DS Review

Brothers in Arms DS

Paul discovers a convincing WWII experience on the DS

Brothers in Arms caused quite stir back in the day when it made its PC release. Critics waxed lyrical about its open maps and believable interactive worlds that simply behaved as you would expect it to; blowing a truck of soldiers over sent them sprawling onto the road to pick themselves up and run for cover. They achieved the sort of non-linear open experience that had become so rare in the World War II genre.

It seems that Gearbox Software is looking to pull the same trick again. The first DS outing for the franchise is already turning a few heads. This is mainly down to its impressive game engine that delivers a genuine over the shoulder 3D run-and-gun battlefield experience, all in the palm of your hand.
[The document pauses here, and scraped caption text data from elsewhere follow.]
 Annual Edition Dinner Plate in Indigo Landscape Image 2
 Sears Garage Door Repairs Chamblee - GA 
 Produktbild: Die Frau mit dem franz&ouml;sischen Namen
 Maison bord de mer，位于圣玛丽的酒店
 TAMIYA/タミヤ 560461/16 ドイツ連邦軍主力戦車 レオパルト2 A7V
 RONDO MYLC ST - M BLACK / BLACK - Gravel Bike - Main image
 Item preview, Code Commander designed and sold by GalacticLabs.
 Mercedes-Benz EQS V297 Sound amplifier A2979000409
It's impressive and not only matches up to the visual quality of Metroid Prime Hunters but also achieves this in a densely populated environment that bristles not only with scenery but vehicles, men and buildings.
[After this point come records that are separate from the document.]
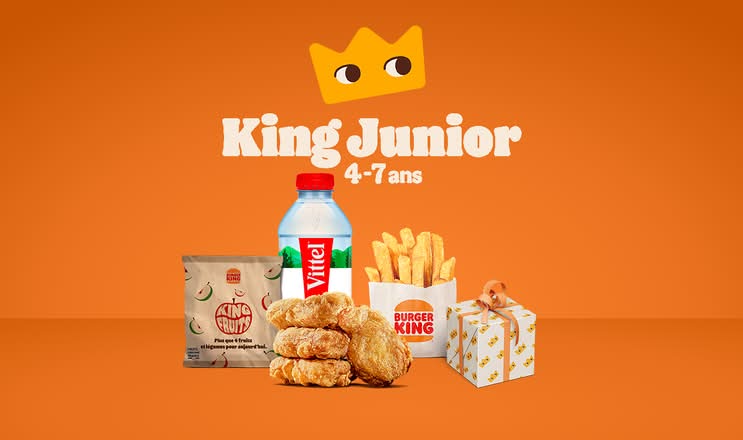 King Junior
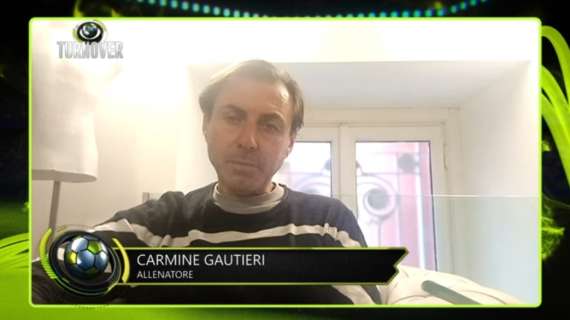 Carmine Gualtieri ad Esperia TV: “Il Catanzaro ha tutte le carte in regola per giocarsela, Iemmello ragazzo splendido”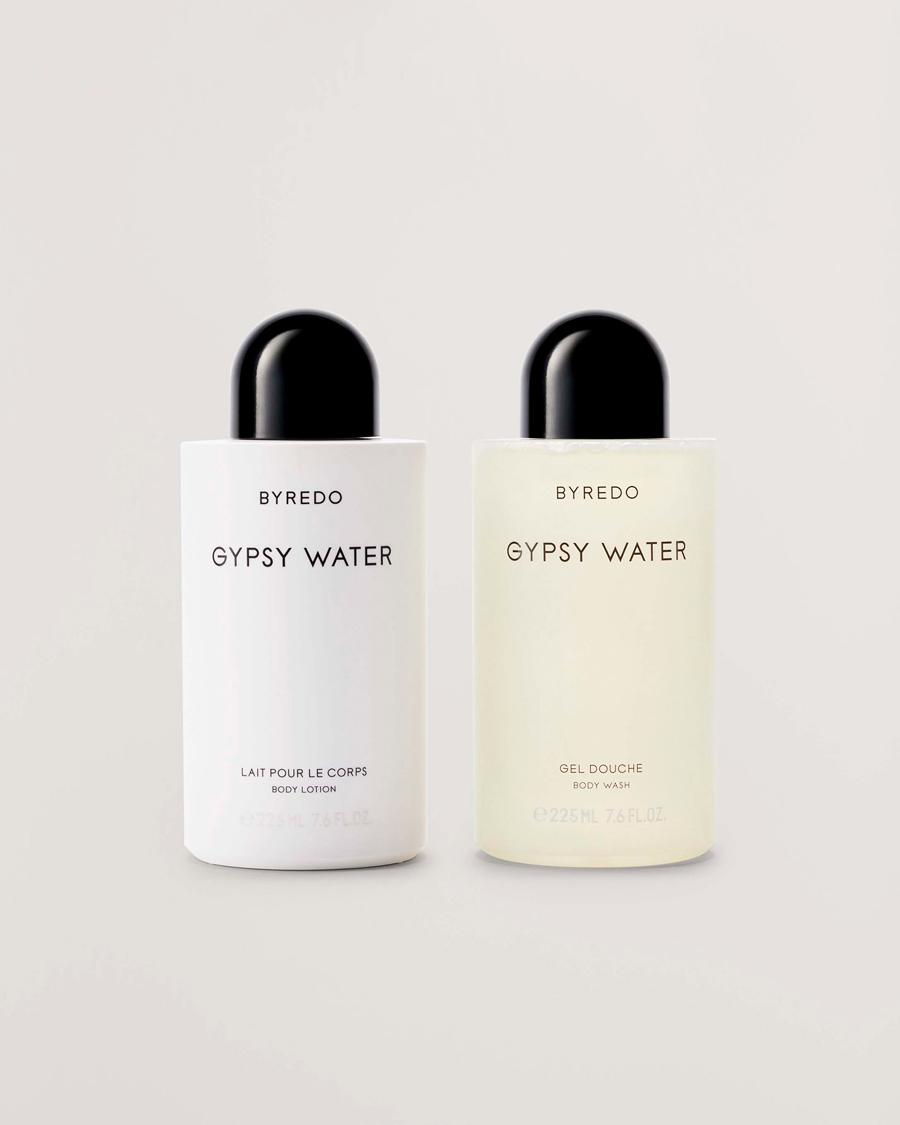 Herre | Hudpleie | BYREDO | Body Care Gift Set Gypsy Water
Like other DS 3D game engines, the frame-rate is kept high by allowing the background textures to get pixelated and blocky; this trade off willing to sacrifice the look to maintain the feel. Because of this, screenshots don't really do the game justice. Much like Gran Turismo on the good old PS1, you could live with the background pixelation because the main elements moved smoothly and believably. The downside with this approach is that once you have set your stall out in this way, the game succeeds or fails on its ability to create a believable world in which to play, something Gran Turismo achieved with its wonderful physics. Not wanting to let the cat out of the bag too soon, but Band of Brothers achieves this by convincing us that we are partaking in a genuinely persistent and ongoing battlefield environment. Brothers in Arms DS

The visual experience is enhanced by some excellent sounds and voice-work. Whilst this avoids becoming overbearing, the effects and voices add a surprising amount of depth to proceedings. As with most DS games it's not until you don a pair of headphones and jack-in that the audio really starts to come to life. The intelligent use of the DS's stereo adds a real air of drama and helps you locate where the action is at.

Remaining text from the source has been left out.